Sunday 18 September 2011

Bayes' theorem - examples

The Cancer Test Problem

Remember Bayes' theorem:


P(A|B) = P(B|A) * P(A)/P(B)


The following problem is a very famous case of how to use the theorem.

We have a cancer-detecting test which gives which gives a positive result for 90% of people who do have the cancer, but also gives a positive result for 10% of people who don’t actually have the cancer. A patient comes in and gets a positive result. How worried should they be? (In other words, what is the chance that they do actually have cancer?)

Well in fact, Bayes' theorem tells us that we don’t actually have all the information necessary to answer this question.

Indeed, let’s set:
Event A = person has cancer
Event B = test is positive

We are looking for P(A|B). We know P(B|A) (it’s 90%) and P(B|nonA) (it’s 10%). Knowing P(B|nonA) is actually as much information as knowing P(B), because we can calculate P(B) from this and P(A) using the total probability law – we’ll see this later. So we still need to know P(A).

Suppose the question now is: 2% of people have this cancer. We have a cancer-detecting test which gives which gives a positive result for 90% of people who do have the cancer, but also gives a positive result for 10% of people who don’t actually have the cancer. A patient comes in and gets a positive result. How worried should they be? (In other words, what is the chance that they do actually have cancer?)

A lot of doctors were asked this question. Only 15% of them got it right (this article cites a few studies for this result – it’s also a very interesting and entertaining read). They generally estimated the chance that the person did indeed have the cancer to be very high, close to 90%.

But what is the correct number?

A more intuitive way of thinking about this problem is the following:

Take a pool of 1,000 people.
  
20 of them have cancer
    18 of these will have a positive reading on the test
980 of them do not have cancer.
    98 of these will have a positive reading on the test

So in total, 116 people will have a positive reading on the test, and 18 of these will actually have cancer. So the probability that a person with a positive reading does actually have cancer is 18/116 = 15.5% which is still relatively low. So it would be a far better approach to understand the maths involved in this, and not freak your patient out without good reason.

Let’s now calculate the probability using Bayes theorem – hopefully, we will get the same result.

Our first step is to calculate P(B). We do this using the law of total probability:

P(B) = P(B|A)P(A) + P(B|nonA)P(nonA)
        = 0.9*0.02 + 0.1*0.98
        = 0.116

Now Bayes’theorem: P(A|B) = P(B|A)P(A)/P(B) = 0.9*0.02/0.116 = 15.5% (yes!!)

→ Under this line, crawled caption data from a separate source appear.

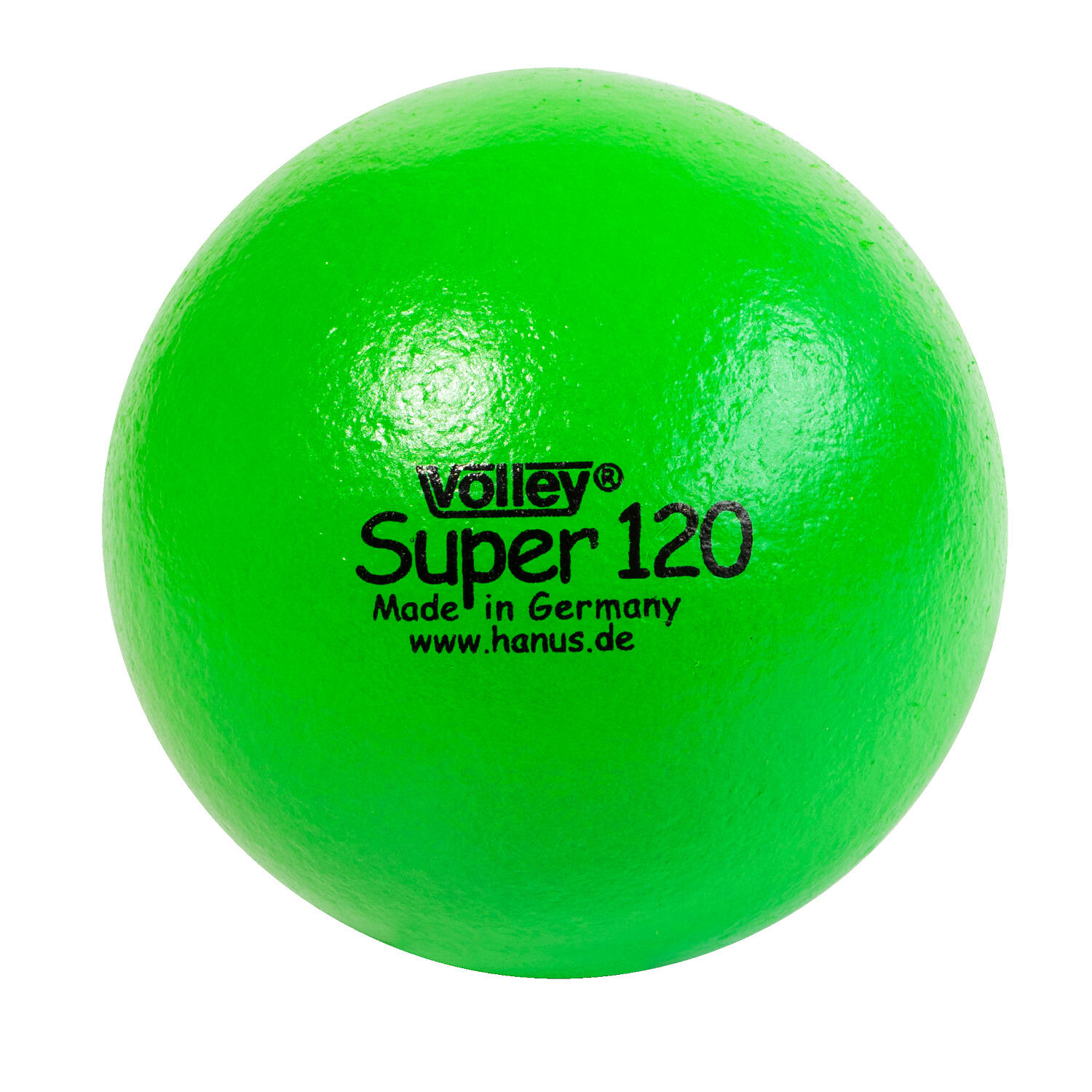 Weichschaumball Super Grün 50 g 12 cm Handball Unisex Grün 1/1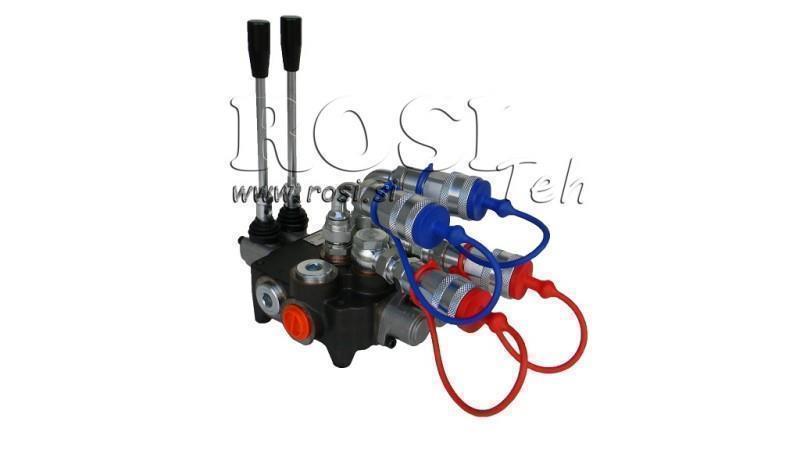 HYD. VENTIL 2xP80 UDVIKLING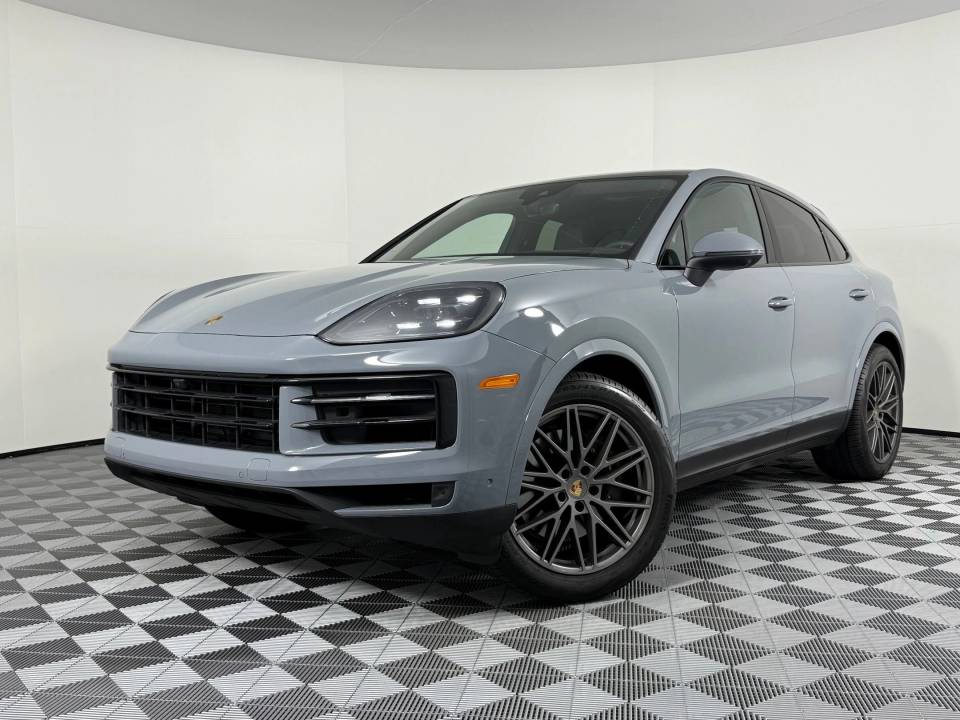 2026 Porsche Cayenne Coup Base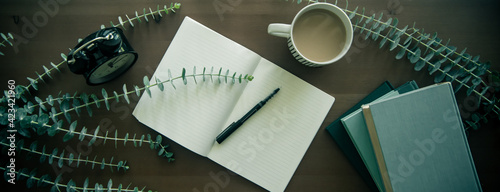 Eucalyptus Desk Banner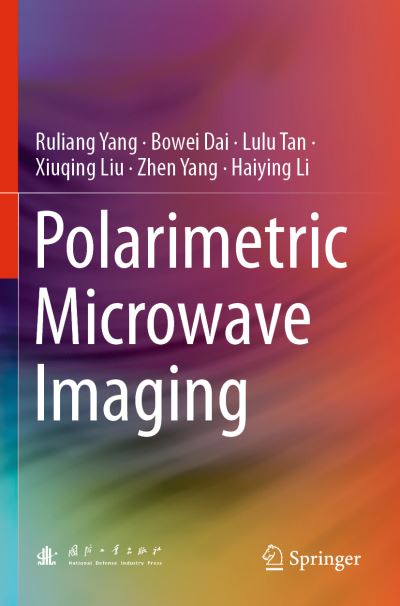 Cover for Ruliang Yang · Polarimetric Microwave Imaging (Paperback Book) [1st ed. 2021 edition] (2022)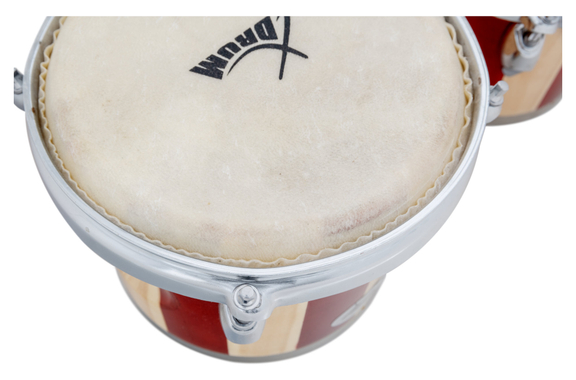 Set de Bongós Retro XDrum incl. Bolsa para Bongós image 8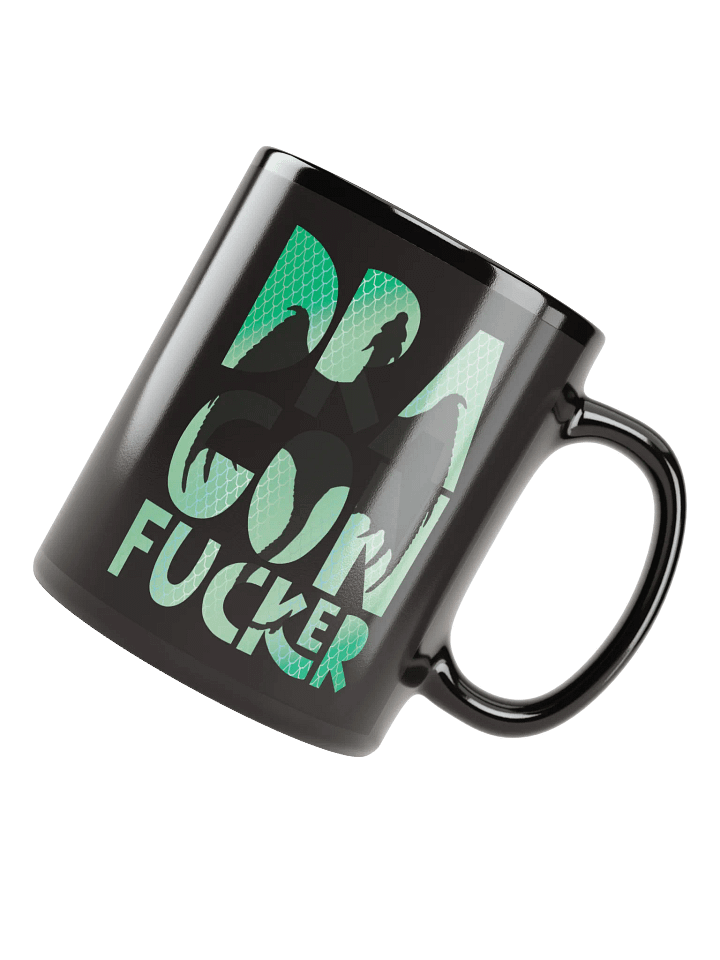 Dragon F*cker Mug (Green) product image (2)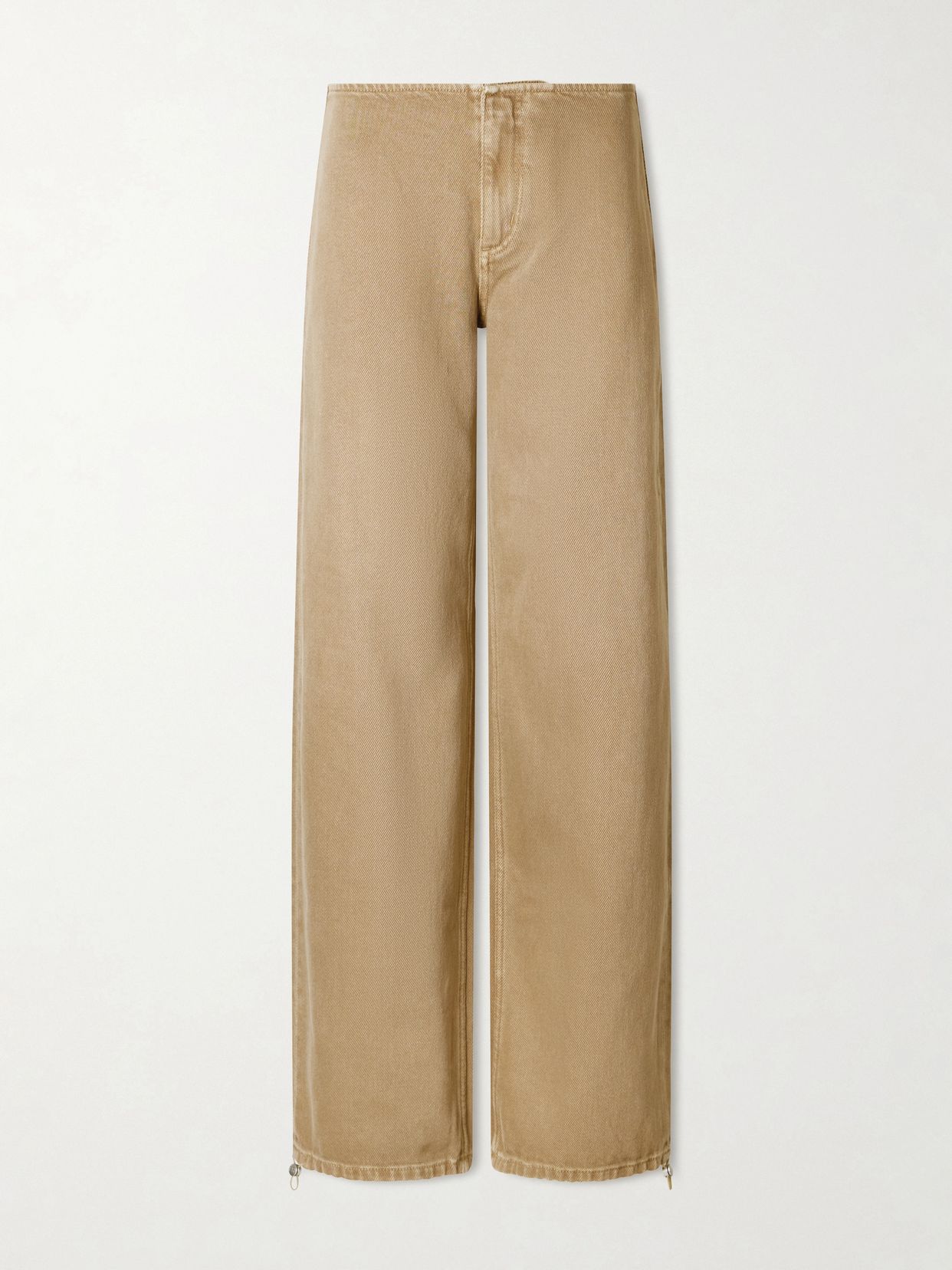 sport low rise straight leg jeans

This example question is detailed in this video, which also presents some other very interesting counterintive statistical issues. The part we’re interested in is at 11 minutes, but the entire thing is worth a watch.


The Prosecutor's Fallacy

Bayes’ theorem often applies when considering the probability that a person is guilty of a crime. Indeed, misunderstanding it leads to what is called the prosecutor’s fallacy – when you interpret the small probability of someone fitting the evidence as a small probability that an accused who does fit the evidence is in fact innocent.

Let’s consider the following case:

In a murder case you have found a sample of the murderer’s DNA, and there is a 0.1% chance of a random someone’s DNA matching this sample. You have found a man whose DNA does match.

Then the correct interpretation is NOT there is 0.1% chance that this man is not the murderer, ie there is 99.9% chance that he is the murderer.

Bayes’ theorem tells us that in order to calculate this last probability – the probability that the man is guilty, given that he matches the DNA, one also needs to take into account the probability of a random person being a murderer, which is extremely low, say it is 0.01%.

Let’s use the following notation:

Event A = The man is guilty
Event B = The man’s DNA matches the one found

Then we have
P(B) = 0.1%
P(A) = 0.01%

The probability we are interested in is P(A|B): the probability that the man is guilty, given that his DNA matches the killer’s.

Bayes’ theorem gives us that P(A|B) = P(B|A)*P(A)/P(B)

Now P(B|A) is the probability that the man’s DNA would match the killer’s, if he is indeed the killer. Which should be pretty close to 1, if your DNA testing is any good! P(A) and P(B) are given above, so in the end:

P(A|B) = 10%

Most definitely not a cause for putting someone in prison!

Obviously, in actual cases, this is not the only thing to take into account. If the man’s DNA matches the killer, and he also matches a description of the killer, and has no alibi, and some shoes were found in his house covered in blood, the odds would change somewhat.